POOR sardines and noodles.
Caritas Filipinas recently urged donors to give more nutritious food than canned sardines and instant noodles.
Fr. Edu Gariguez, Caritas Filipinas executive secretary, said that observing a “nutritional criteria” in giving Christmas bundles of joy or relief goods adds meaning to charity that some perform for appearances.
“Meron kasi mga nagbibigay para makapagbigay lang (giving for the sake of giving),” Gariguez discourages, according to a Sunnex report published by Sun.Star Cebu last Nov. 18, 2012.
Gariguez said donors should go beyond buying what is only “available” and “mura (cheap)”.
Is the Caritas statement directed at companies that possibly buy relief goods in bulk, publish a photo or an article about their acts of corporate social responsibility, and get a tax write-off to top it all?
Or was Caritas addressing givers like me who know exactly how many, what brands and the expiration dates of the bundles of joy my family gives?
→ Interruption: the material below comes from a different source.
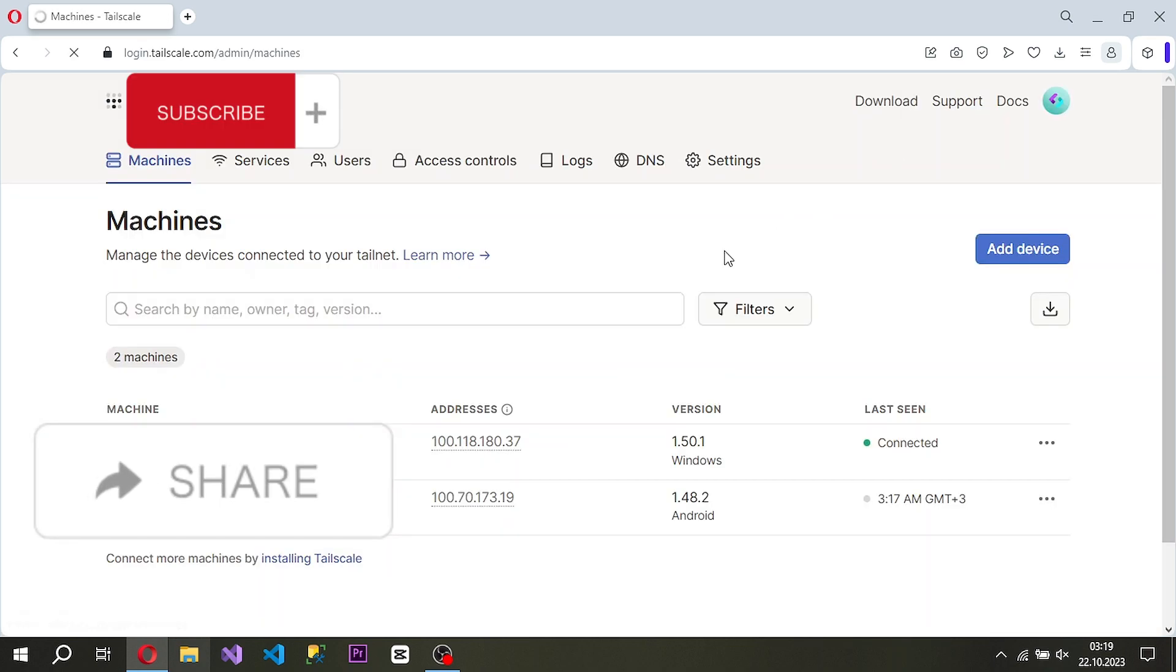After logging into the application, the application includes both devices in the same VPN network and enables them to communicate using the tunneling method.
I’m really sorry that the concern for the recipient’s health was lost in translating the Caritas instruction. Even knowing the effects of high sodium and other preservatives does not make it easier to swallow Gariguez’s preference for “Spanish” or bottled sardines as healthier options.
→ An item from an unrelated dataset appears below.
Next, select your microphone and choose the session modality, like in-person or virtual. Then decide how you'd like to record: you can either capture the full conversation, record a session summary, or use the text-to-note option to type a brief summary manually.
Why am I reminded of Marie Antoinette’s reply to the report that the masses of Paris were starving for bread? “Why don’t they eat cake?,” France’s last queen said before ending at the guillotine.
In families where “middle class” is just the difference of a chin kept above the threshold of poverty, the Caritas’s downgrading of sardines and noodles as relief goods was insensitive, if not hypocrital. Caritas Filipinas is the foundation of the Catholic Bishops’ Conference of the Philippines (CBCP).
Many families, where both spouses work, prioritize sending their children to the best schools they can afford. In many cases, these schools are run by the religious. When the call for bundles of joy comes after calamities or at the end of year, many students bring sardines and noodles.
Cheap and available, these are usually found in the kitchen cabinet. It’s food that the donors themselves eat.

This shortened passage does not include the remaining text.